Berlioz – c’est fantastique!
Verdi Overture – The Force of Destiny
Holst St Paul’s Suite
Wagner Overture – The Mastersingers
Berlioz Symphonie Fantastique
Which of the two powers, Love or Music, can elevate man to the sublimest heights? It is a great problem, and yet it seems to me that this is the answer: “Love can give no idea of music; music can give an idea of love.” Why separate them? They are the two wings of the soul. (Hector Berlioz – Memoires, January 1, 1865.)
Symphonie Fantastique, An Episode in the life of an artist, is an example of program music and unusually for a symphony comes in five movements, of which perhaps the most famous is the fourth, March to the Scaffold. The symphony tells the story of Berlioz’s love for an actress, Harriet Smithson, who he saw play the role of Ophelia. It took six years for the couple to become man and wife but the marriage failed, unlike the symphony. Its five movements are titled Reveries – Passions, A ball, Scene in the fields, March to the Scaffold and Dream of a Witches’ Sabbath.

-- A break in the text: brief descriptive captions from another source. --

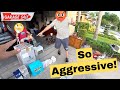 He Wouldn't Take NO For An Answer At This Garage Sale!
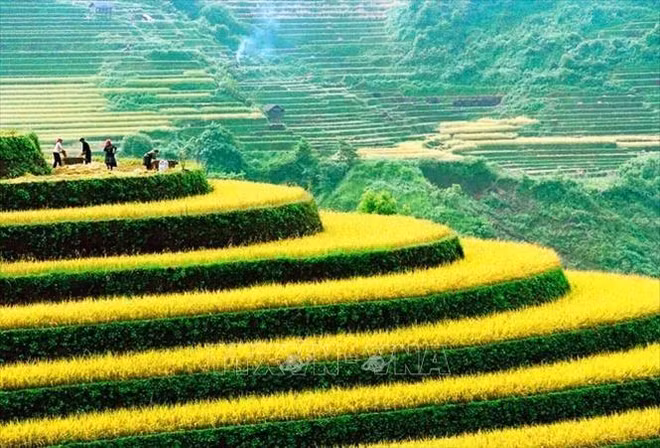 第十一届越南国际摄影大赛正式启动 ảnh 1 第十一届越南国际摄影大赛正式启动 ảnh 1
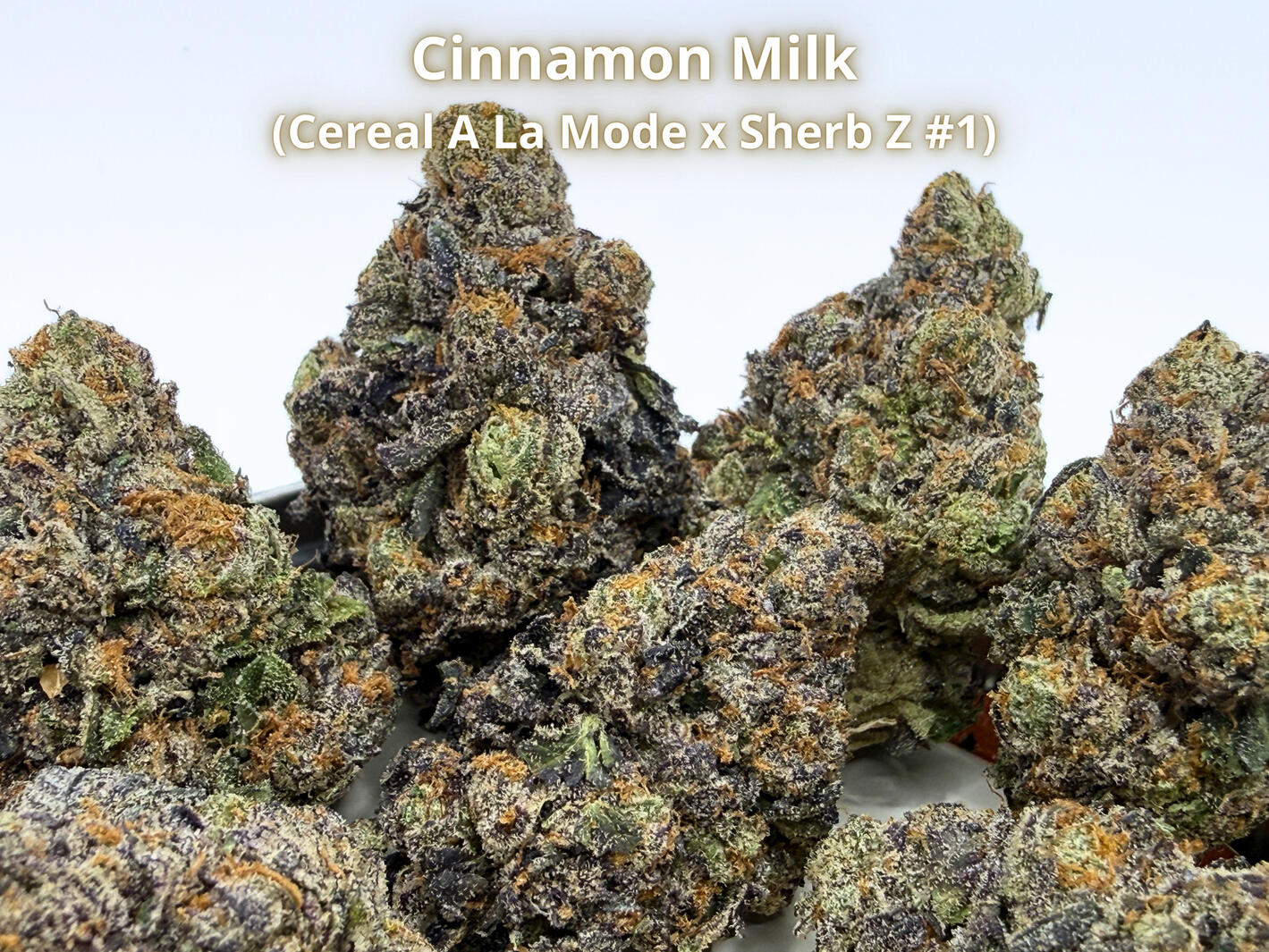 Premium Cinnamon Milk THCa hemp flower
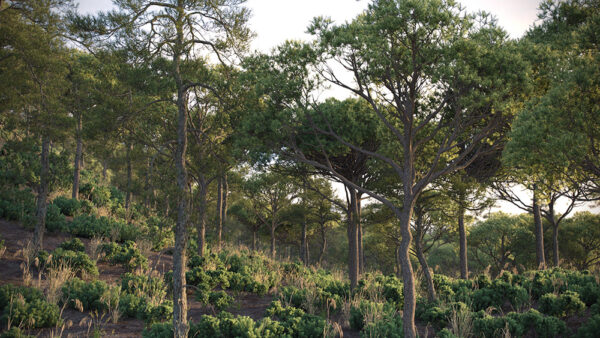 Vizpark Real Trees I para Rhino - Imagen 5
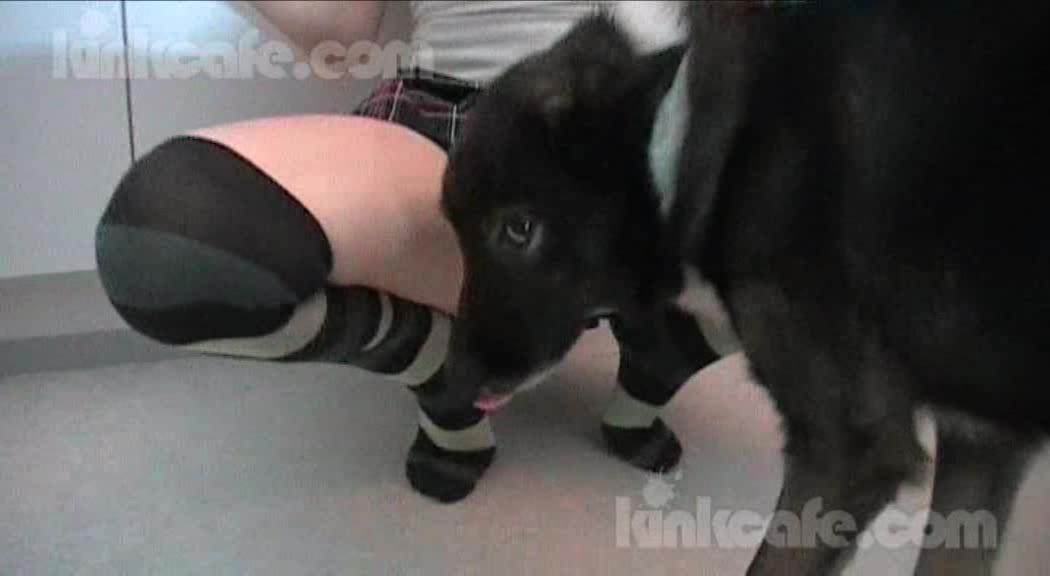 Dog Sex
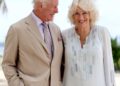 King Charles and Queen Camilla's Journey to Happily Ever After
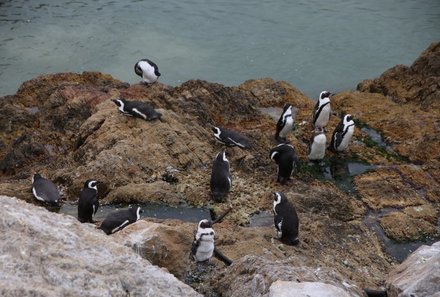 Garden Route mit Kindern - Reisebericht zu Südafrika Reisen mit Kindern - Pinguine Bettys Bay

There is a similar theme of love leading to tragic outcomes in Verdi’s opera, The Force of Destiny, but a far more positive ending, involving the triumph of both love and music, can be found in Wagner’s opera. On this occasion, music that appears to break all the rules triumphs in the competition when championed by a respected and influential musician. Holst’s St Paul’s Suite, composed for the orchestra of St Paul’s Girls School, Hammersmith, where the composer taught for many years, features one of the best-known songs of love, Greensleeves.